Our Annual Survey of House Prices
Over the past year, talk of a real-estate bubble has confounded house-rich homeowners across the country. Locally, Chicago’s annual look at the area’s housing market (see below for links to our housing charts) reveals a region where prices continue to rise steadily. But still the questions hang there: Is there a bubble, and if so, will it burst-and when? Is all the extra value that hous-es and condos have built up since the late 1990s going to drain right back out of them?
Worried homeowners in the city and suburbs can take comfort in these four words: you live in Chicago. Buoyant as it has been so far this decade, the area housing market has yet to overturn one long-held truth of Chicago real estate: here in the middle of the country, people don’t go to the extremes they do on the Atlantic and Pacific coasts.

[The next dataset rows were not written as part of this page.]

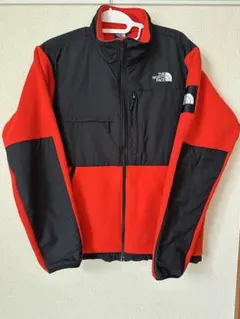 THE NORTH FACE フリースジャケット L 赤・黒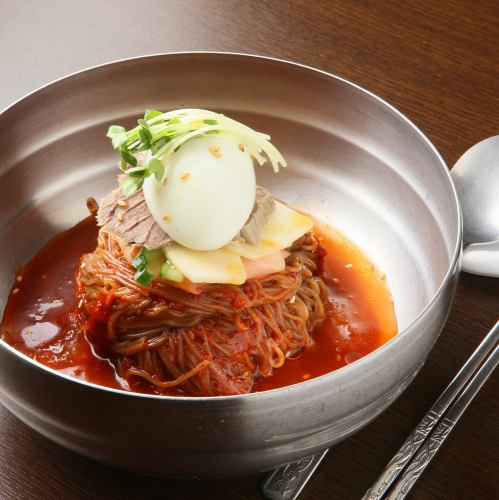 長寿韓スタイル　ビビン冷麺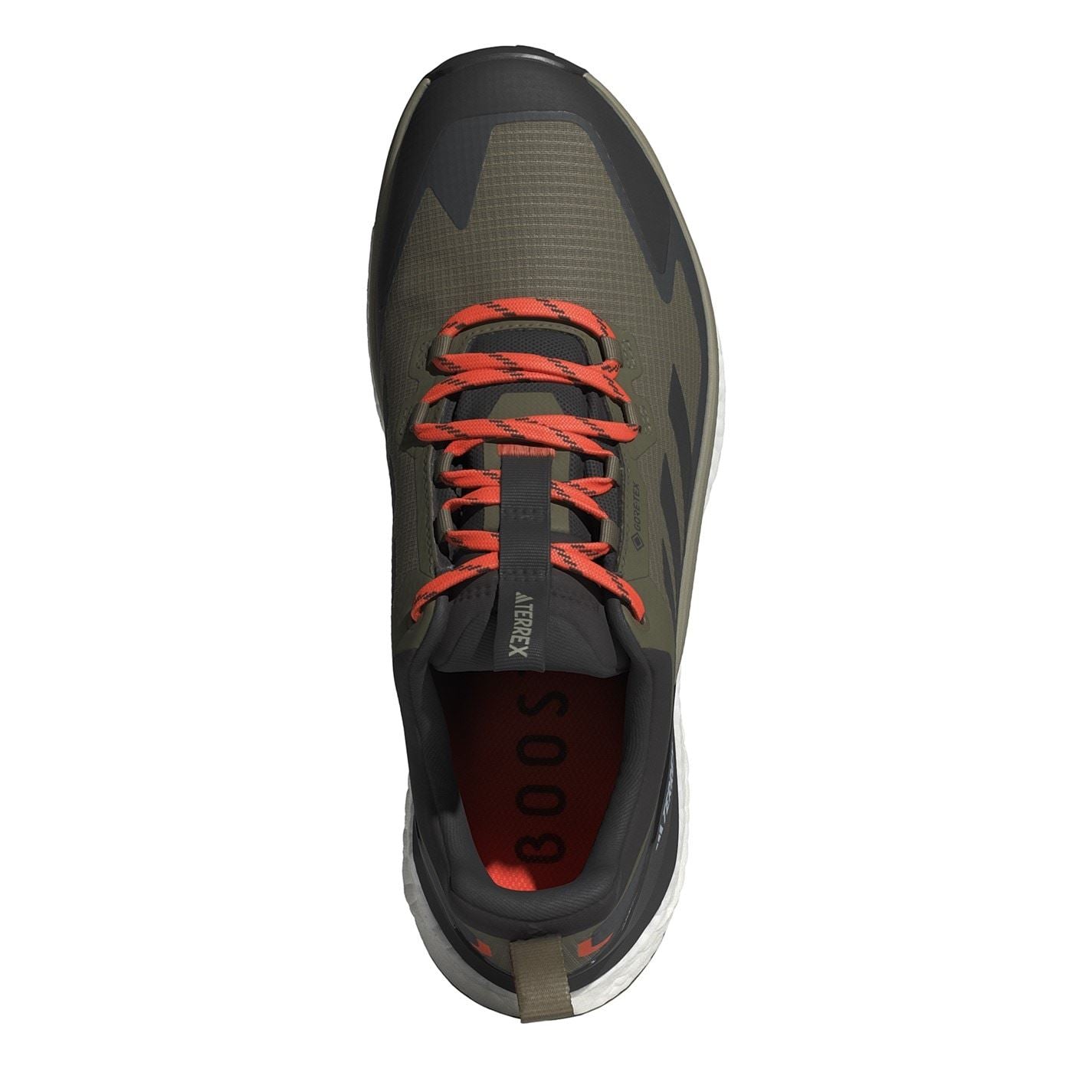 adidas Mens Terrex Free Hiker 2 Low GorE-Tex Trekking Shoes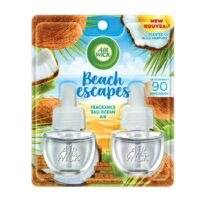 2pk. Airwick Plugin Refill- Beach Escapes 6/cs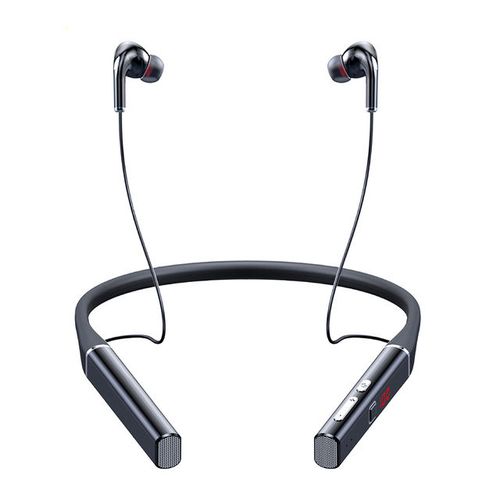 S720 TWS 100 Hours Wireless Led Earphone Magnetic Neckband Headphone Sport Waterproof Noise Cancelling Headset With Mic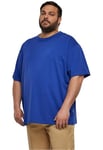 Urban Classics Men's Organic Basic Tee T-Shirt, Royal, 4XL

True, prices in and around Chicago have risen to a seemingly ridiculous point compared with what buyers were paying even a mere five years ago. On the magazine’s current chart, for instance, there are nine city neighborhoods or suburbs where homes sold for an average of over $1 million; in 2000, there were only two. Or consider another statistic: in 2002, there were, for the first time, more than 1,000 homes here that sold for $1 million or more; three years later, the number of sales at that level has already doubled (see Deal Estate).

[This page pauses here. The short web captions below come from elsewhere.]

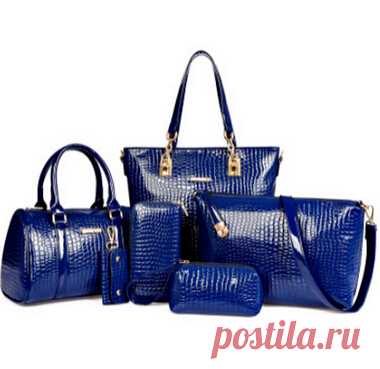set talk Picture - More Detailed Picture about 2016 new picture pack fashion brief for Crocodile women bag women messenger bags 6 PCS freeshipping 6 PCS/Set Picture in Paper & Paperboard from Guangzhou Camry Leather Co. Ltd.. Aliexpress.com | Alibaba Group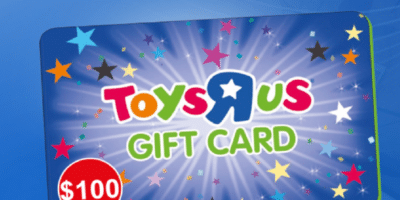 toys r us gift card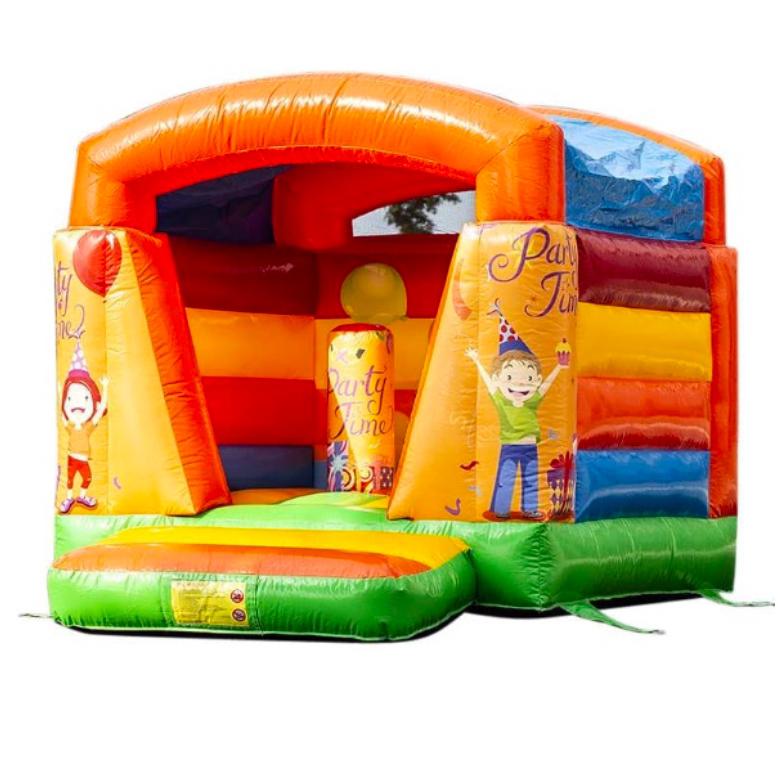 Te Huur : Mini party Springkussen   Incl : op / afbouw, Ophalen, Zo goed als nieuw, Overige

In comparison with places like Florida, California, and Nevada, though, the Chicago market is a sluggard. In June, the Office of Federal Housing Enterprise Oversight reported that prices in Bakersfield, California, rose by 33.7 percent from the first quarter of 2004 through the first quarter of 2005, the survey’s top increase. The national average, among 265 areas measured, was 12.5 percent; Chicago ranked 103rd, with a one-year price increase of 10.57 percent. For once it may pay to be below average. As Diane Swonk, chief economist at Mesirow Financial, puts it: “We participated in the party, but not so much that we’ll have much of a hangover in the morning.”
If rising interest rates combine with some shock to the economy to deflate house prices, say Swonk and others, Chicago-area homeowners should not take as big a hit as folks in those highflying regions. “We feel there will be no bubble in Illinois because we haven’t experienced a rapid appreciation like the East and West coasts,” says John Veneris, president of the Illinois Association of Realtors and a Downers Grove real-estate broker.
And it’s not just Midwestern conservatism holding Chicago back. Whacks to the city’s financial sector-such as the Bank One/JP Morgan merger and the wobbles at the insurance giant Aon-have kept Chicago “an economic laggard,” Swonk says. “We are recovering nicely, but not as well as other parts of the country. That’s a mixed bag, because it means Chicago is, as a result, less susceptible to a major downturn.”
If the nation’s real-estate market does start to droop, Chicago homeowners will most likely see a slowdown. Prices will rise less, or perhaps not at all, for a few years as the market gradually adjusts. Richard Rosen, an economist with the Federal Reserve Bank of Chicago, compares it to the spike in gas prices. “When prices go up, people grumble, but except at the margins, it doesn’t affect their driving much,” he says. “In the long run, they may buy a different kind of car, but they keep driving.”